--- Materials provided ---
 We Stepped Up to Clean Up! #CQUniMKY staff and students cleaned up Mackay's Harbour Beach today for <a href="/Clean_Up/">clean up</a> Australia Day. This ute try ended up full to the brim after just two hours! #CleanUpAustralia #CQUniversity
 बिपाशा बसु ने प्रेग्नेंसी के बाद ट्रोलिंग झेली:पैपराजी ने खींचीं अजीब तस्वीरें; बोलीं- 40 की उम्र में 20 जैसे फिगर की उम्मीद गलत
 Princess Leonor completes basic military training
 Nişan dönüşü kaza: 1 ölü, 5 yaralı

--

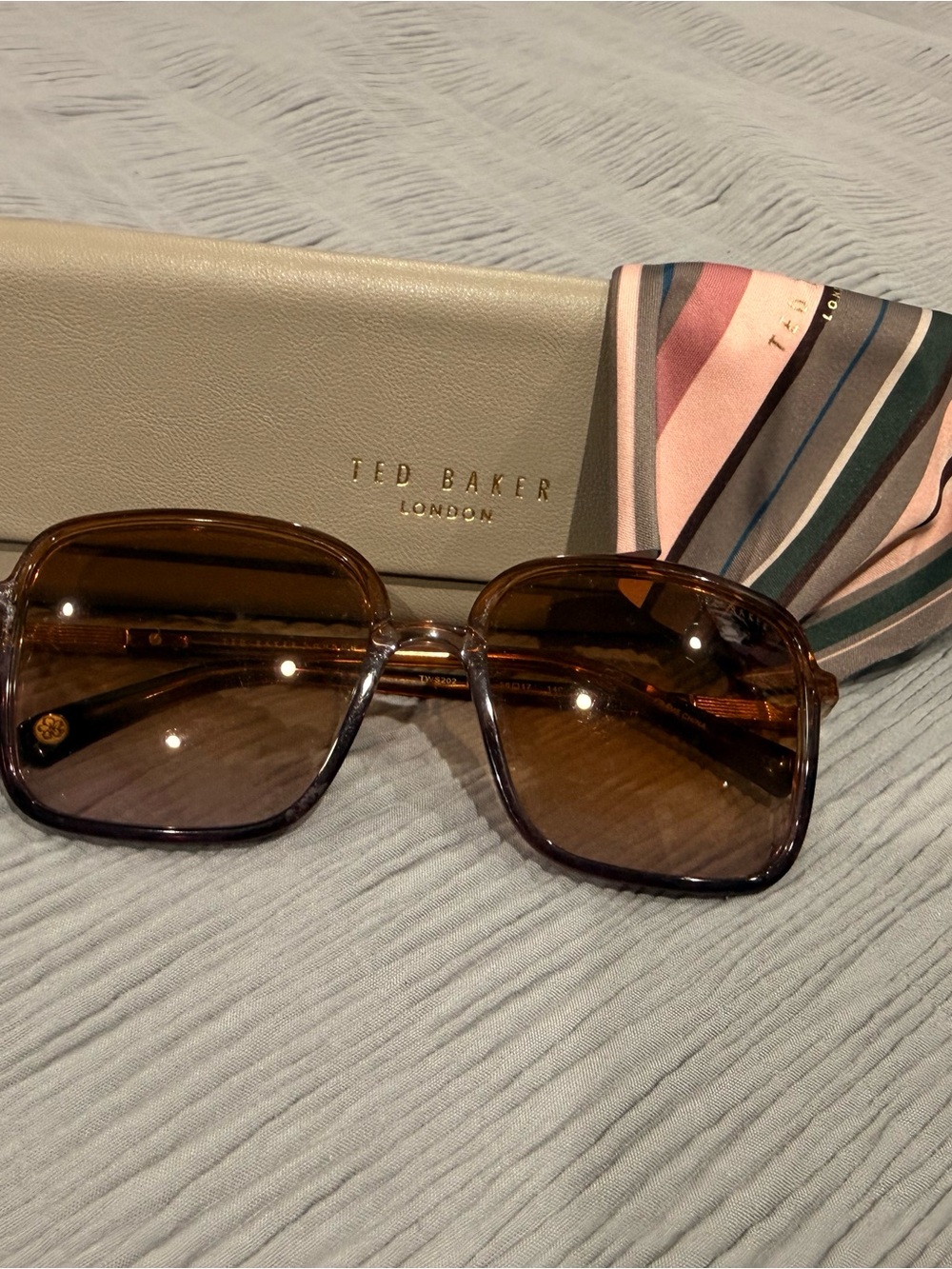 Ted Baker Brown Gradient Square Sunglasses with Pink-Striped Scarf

==

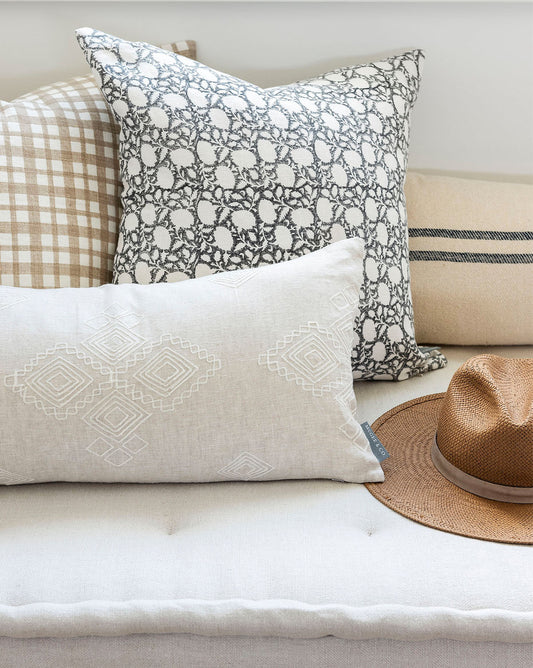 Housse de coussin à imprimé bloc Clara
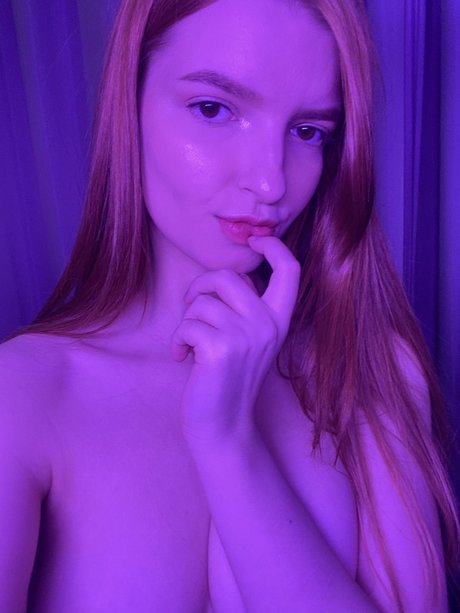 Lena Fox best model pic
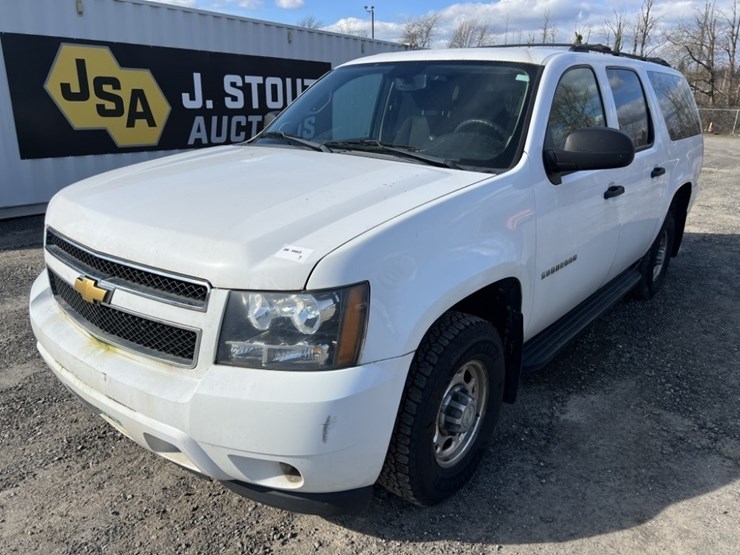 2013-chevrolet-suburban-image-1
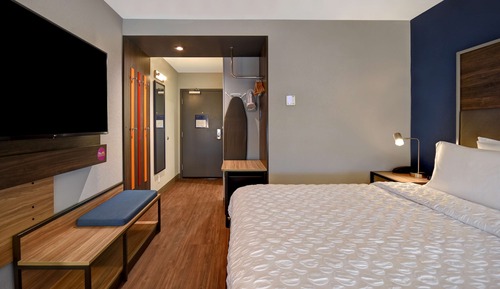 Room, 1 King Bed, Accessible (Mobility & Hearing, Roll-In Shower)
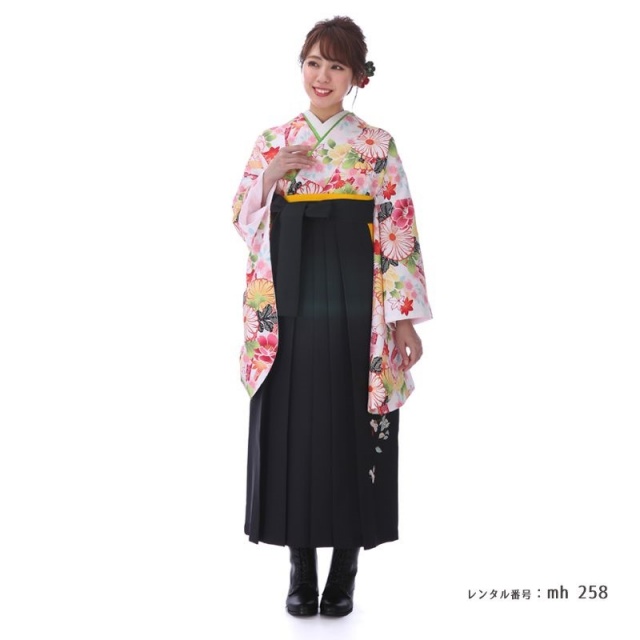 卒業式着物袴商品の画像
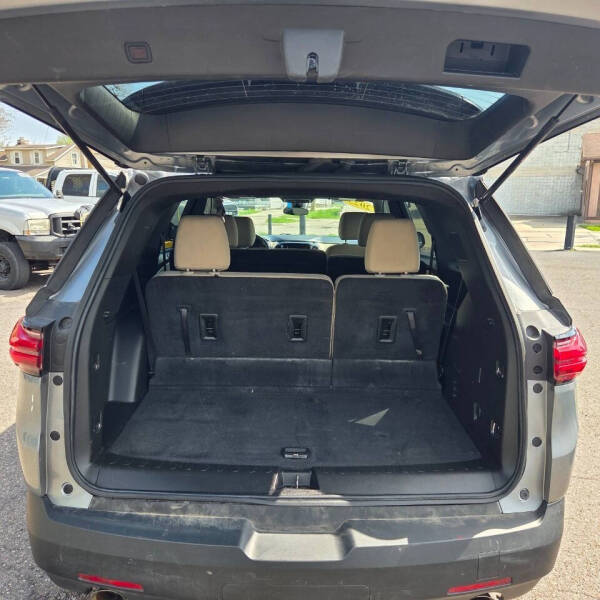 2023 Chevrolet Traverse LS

--- About this exercise ---
Among the entries above, take the line with "Housse de coussin à imprimé bloc Clara", the line with "2023 Chevrolet Traverse LS", and all the lines between them, and restate them word for word without pictures.

--- Task output ---
 Housse de coussin à imprimé bloc Clara
 Lena Fox best model pic
 2013-chevrolet-suburban-image-1
 Room, 1 King Bed, Accessible (Mobility & Hearing, Roll-In Shower)
 卒業式着物袴商品の画像
 2023 Chevrolet Traverse LS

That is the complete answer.